FROM the contrariety of some of the natural faculties of the mind, one to another, as also of one passion to another, and from their reference to conversation, there has been an argument taken to infer an impossibility that any one man should be sufficiently disposed to all sorts of civil duty. The severity of judgement, they say, makes men censorious and unapt to pardon the errors and infirmities of other men: and on the other side, celerity of fancy makes the thoughts less steady than is necessary to discern exactly between right and wrong. Again, in all deliberations, and in all pleadings, the faculty of solid reasoning is necessary: for without it, the resolutions of men are rash, and their sentences unjust: and yet if there be not powerful eloquence, which procureth attention and consent, the effect of reason will be little. But these are contrary faculties; the former being grounded upon principles of truth; the other upon opinions already received, true or false; and upon the passions and interests of men, which are different and mutable.

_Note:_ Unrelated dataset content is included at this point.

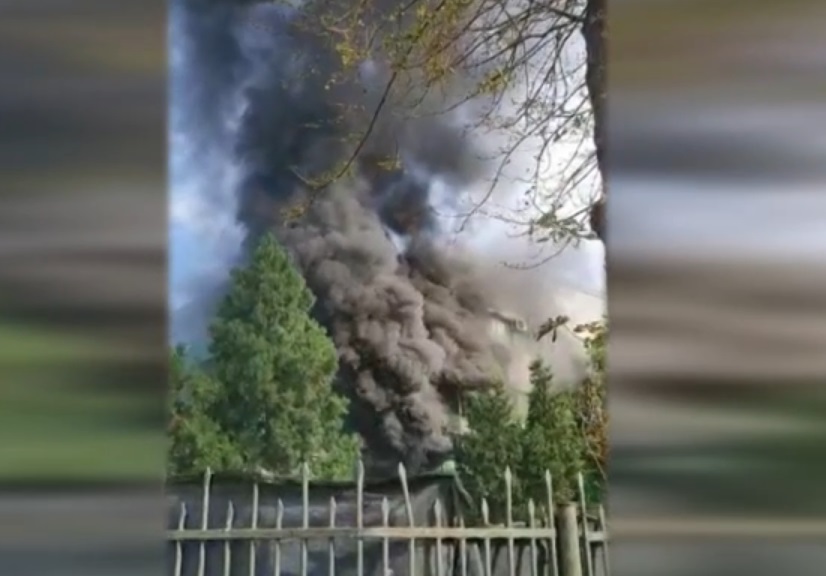 Incendiu la Spitalul de Boli Infecțioase din Constanța, la secția de terapie intensivă. Pacienții sunt scoși pe geam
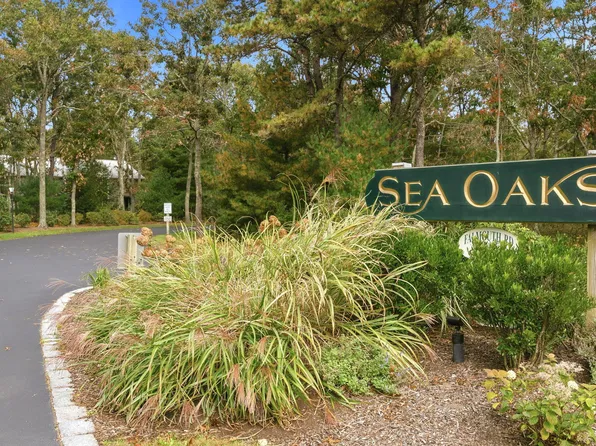 195 Falmouth Road APT 19C, Mashpee, MA 02649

And amongst the passions, courage (by which I mean the contempt of wounds and violent death) inclineth men to private revenges, and sometimes to endeavour the unsettling of the public peace: and timorousness many times disposeth to the desertion of the public defence. Both these, they say, cannot stand together in the same person.
And to consider the contrariety of men's opinions and manners in general, it is, they say, impossible to entertain a constant civil amity with all those with whom the business of the world constrains us to converse: which business consisteth almost in nothing else but a perpetual contention for honour, riches, and authority.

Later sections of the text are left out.